I go by my middle name because I didn’t think the first suited me, it’s a shame Catherine and Mary didn’t do the same.
They probably thought they had name trouble enough without complicating the drama further with middle names! Although, I think it’s a great suggestion…especially since my Mother’s middle name was Veronica, a name I’ve always loved.
Cathy, I meant to ask–who is the baby pictured? Aunt Cath? Surely not Mama.
BTW, love the whole prenatal perp concept. You were up to no good even before your birth, it would seem.
The power of the naming, yes, you’re on to something there.
I linked to this on my FB page, it was very popular.
Not sure who the baby is, but I do know the prenatal perp felt terribly guilty all through childhood! Thanks for linking it on FB…hope it made people smile.
I wanted to both laugh and cry while reading this wonderful story. I think both Aunt Mary and your mother are very beautiful, and the family resemblence between all three of you is striking. I agree completely that names have power.
I think that cusp between laughter and tears is such an Irish place to be, Gerry, don’t you?…our stories always seem to hold the seeds of both. I, too, thought both the sisters were beautiful, so I’m touched and flattered that you see a resemblance. These old photos have brought back such a flood of memories for me that story after story has come tummbling out of the archive in my head, but, somehow, I think the power of the naming was at the heart of it all…

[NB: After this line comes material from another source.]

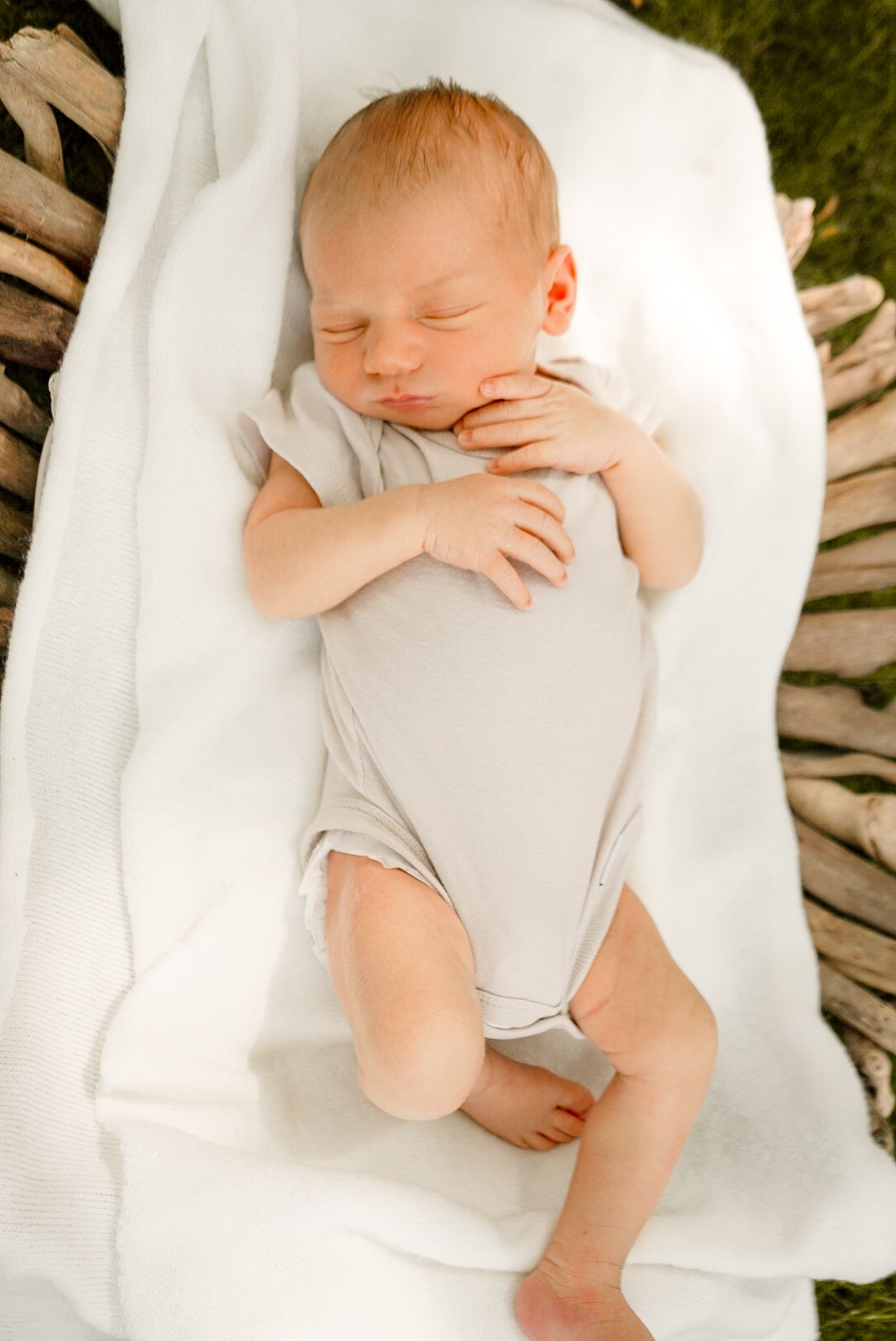 Sweet newborn baby resting on soft white blanket outdoors with wooden textures visible underneath.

Cathy, can’t believe the memories this brought back. I loved it, I’d heard the story of the christening many times, of course, but some of the details were new to me.
Mary Gibbons was indeed a true Grand Dame who enjoyed being outrageous…she loved nothing more than shocking Aunt Catherine and chuckling about it afterwards.
Mama, ironically did not like her name–she actually would have preferred the name Catherine. She thought Mary was “…a hard luck name.”
All things considered, she may have been right.
Thanks for bringing the whole clan back for a surprise guest appearance, they were all such inimitable characters.
I love all the old family stories and have always wondered what would have happened if the names had gone to their proper recipients…would their lives have been different? I do think names have power, don’t you? At any rate, I’m tickled that you got a kick out of the trip down memory lane!